According to the AAA's Fuel Gauge Report, a survey of credit card transactions, yesterday's average price of $3.23 per gallon for diesel in Hawaii was 1 cent below the statewide average for midgrade gasoline. Diesel cost 6 cents more per gallon than midgrade on Tuesday, 14 cents more a month ago and 3 cents less a year ago.
The increase is putting a squeeze on businesses that rely on diesel, since many do not have the opportunity to pass the increased cost on to customers.
Roberts Hawaii, whose motor coaches, tour and school buses, vans and minibuses use diesel, projects an increase of more than $1 million in its fuel bill for 2005 over last year, said spokeswoman Sam Shenkus.

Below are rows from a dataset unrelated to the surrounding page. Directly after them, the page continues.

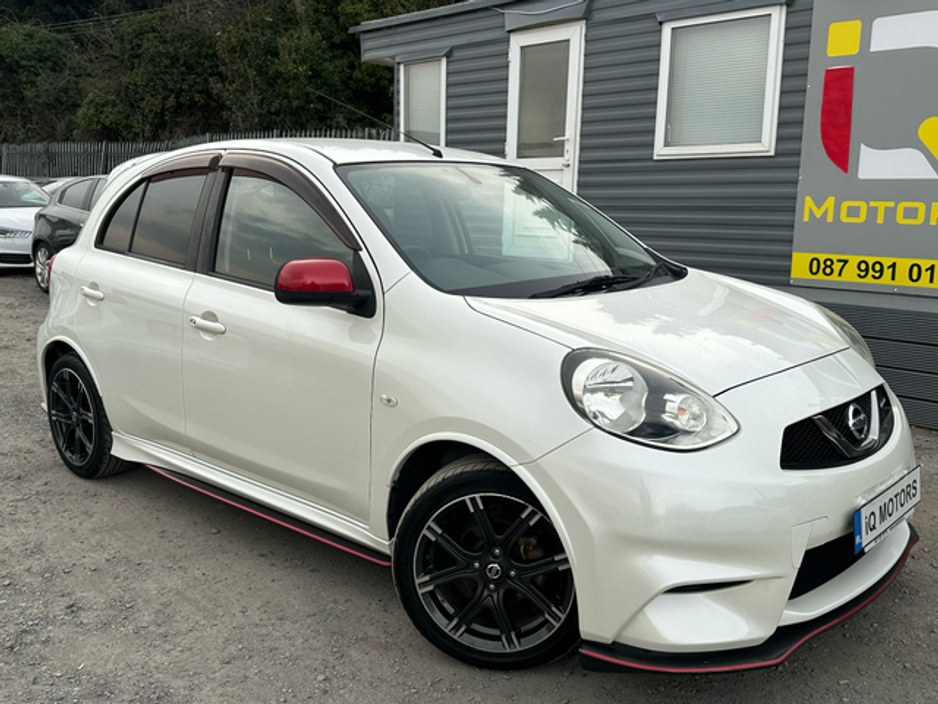 2016 Nissan March - image 2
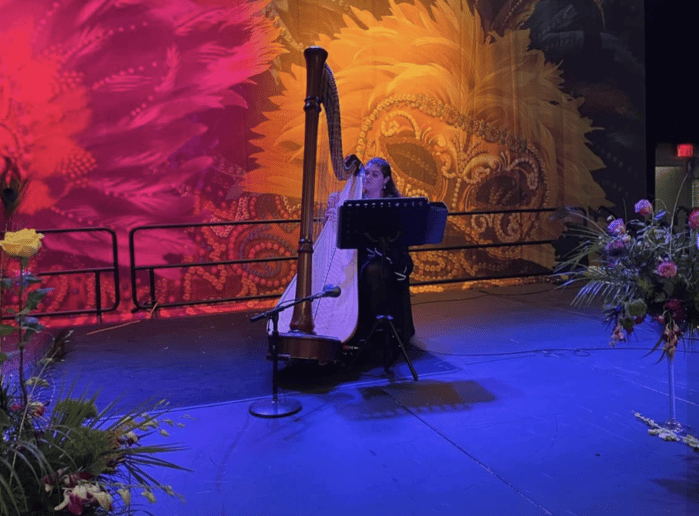 Gallery photo 9 of Harps & Bows of Philly/South Jersey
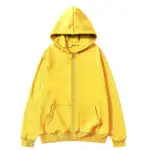 322cde73-630b-4a5a-8f8d-47059fc8e395.webp Women's Zip-up Hoodie Sweatshirt Jacket Fleece Loose-fit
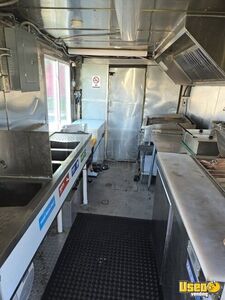 Kitchen Trailer All-purpose Food Truck Propane Tank Illinois for Sale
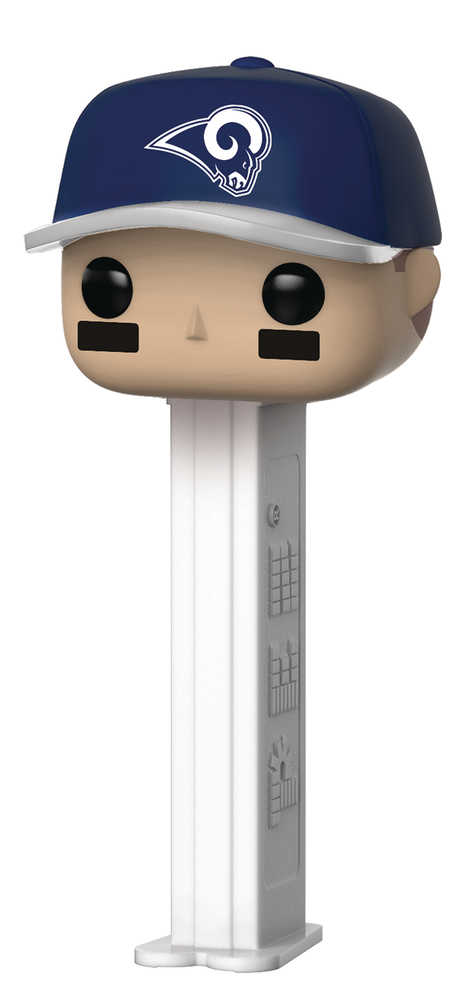 Pop Pez Nfl Rams Cap 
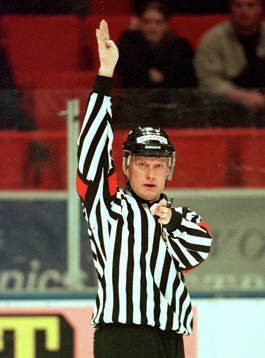 Ulf Rådbjer, Domare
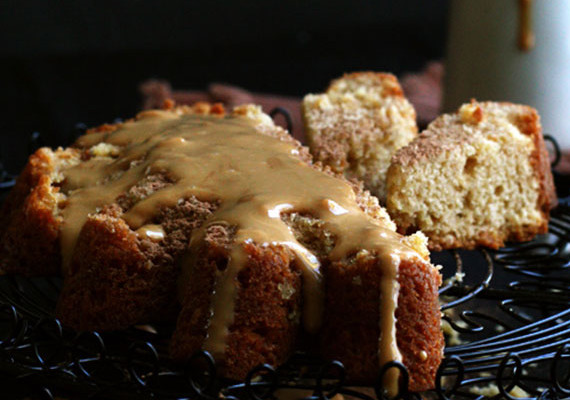 Butterscotch Cake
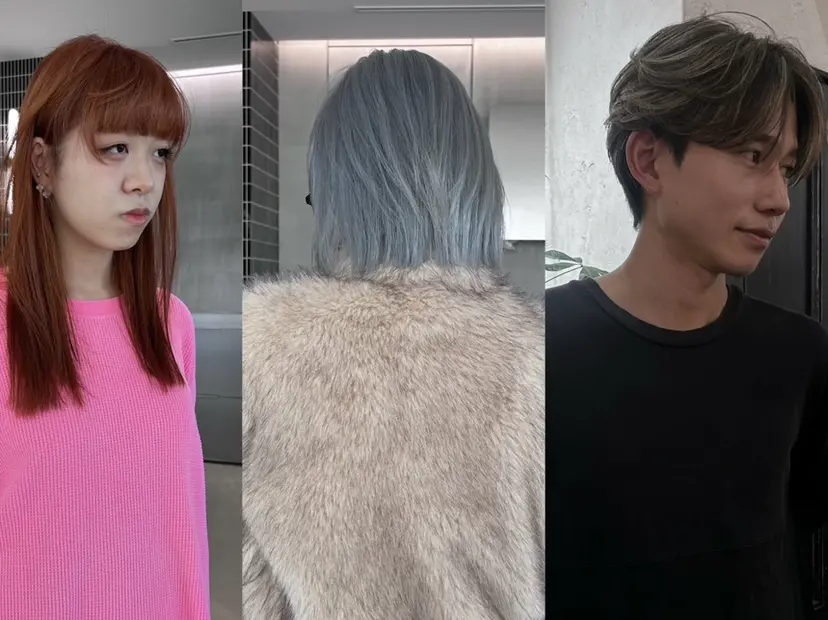 似合わせカラーカット / パーマ/Rinoの掲載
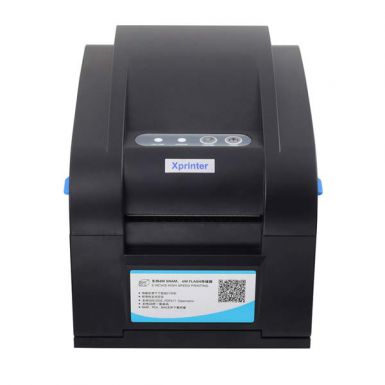 Máy in mã vạch Xprinter XP-350BN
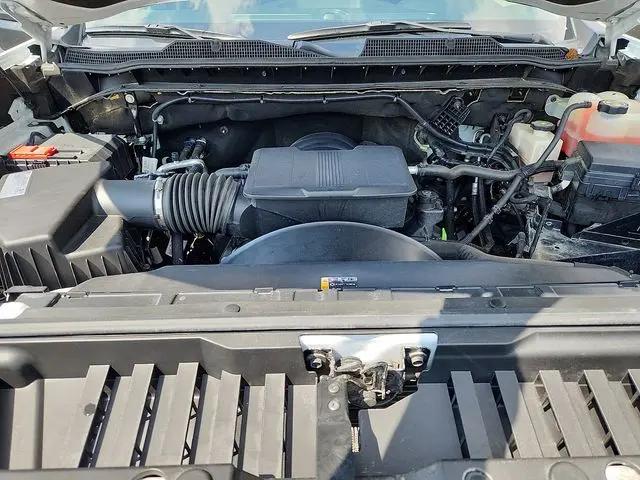 2021 Chevrolet Silverado 2500HD 4WD Crew Cab Long Bed Custom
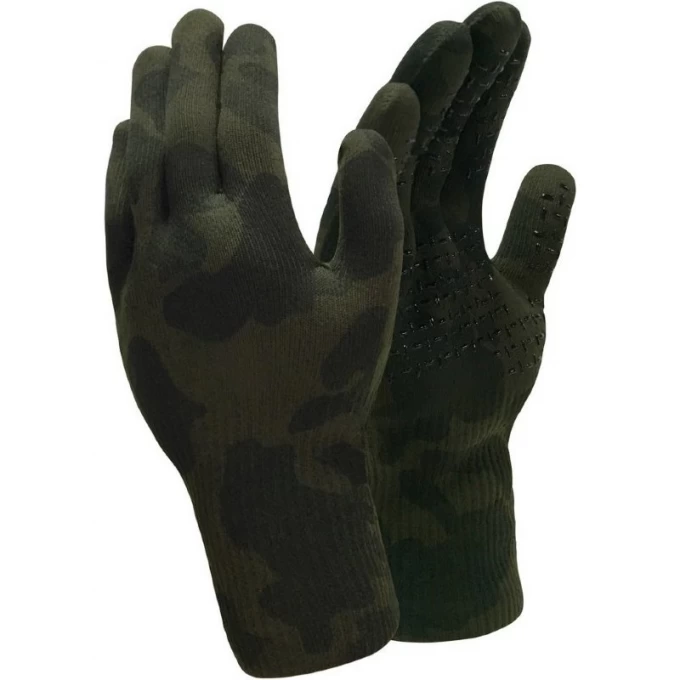 Перчатки водонепроницаемые DEXSHELL Camouflage Glove DG726, размер L DG726L Перчатки водонепроницаемые DEXSHELL Camouflage Glove DG726, размер L DG726L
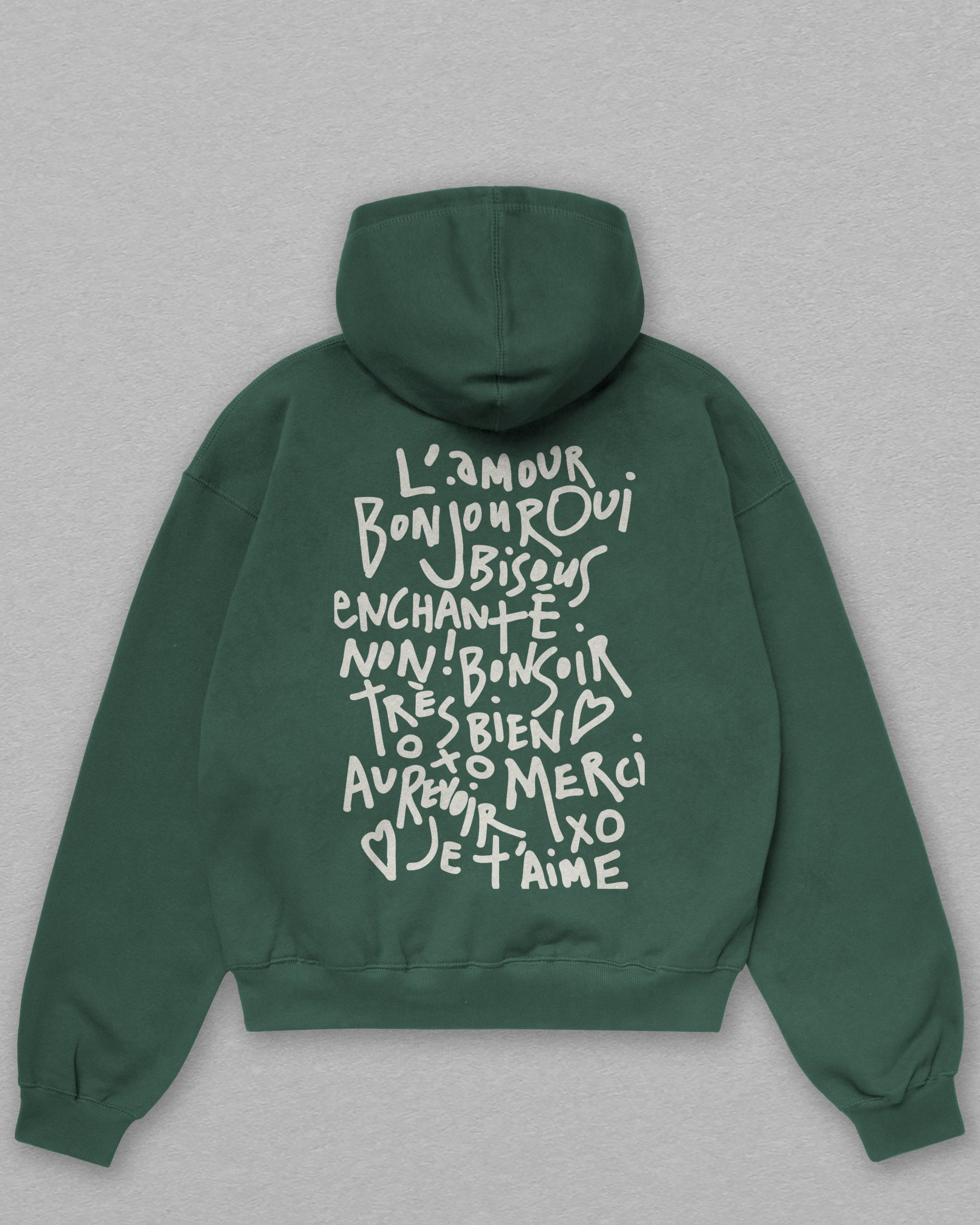 French Hoodie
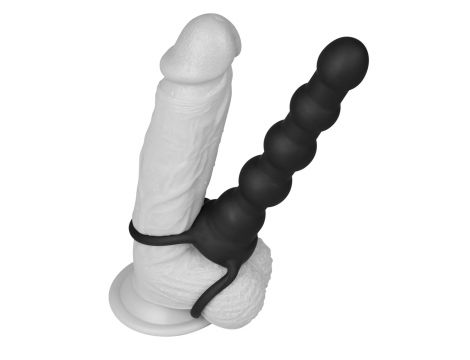Vibrating Rock Balled Double Prober - 8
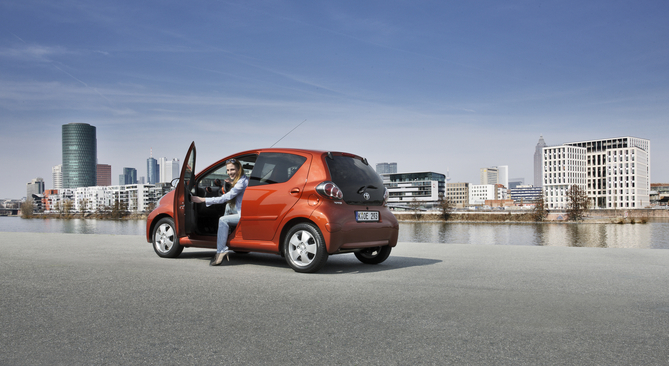 Toyota Aygo Toyota Aygo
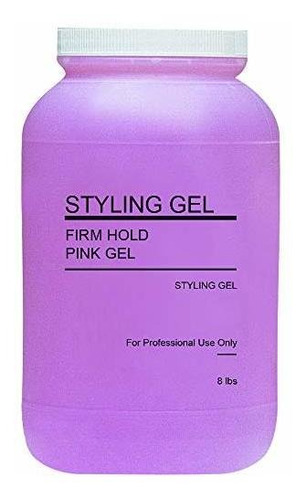 Gel Para Cabello - Sp-55107 Marianna Styling Gel - Pink Firm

Imperial Trucking tries to schedule its pickups and deliveries so none of its vehicles travel with an empty load, said operations supervisor Ray Tamashiro.
Both businesses' rates are regulated by the Public Utilities Commission.
In 2003 the PUC established new procedures that allow for annual rate increases up to 10 percent and eliminated fuel surcharges.
Shenkus said Roberts received a 7 percent increase in January and could ask for an additional 3 percent before the end of the year.
Motor carriers can ask for a rate increase exceeding 10 percent, but they must provide detailed financial information supporting the rate change that is not normally required.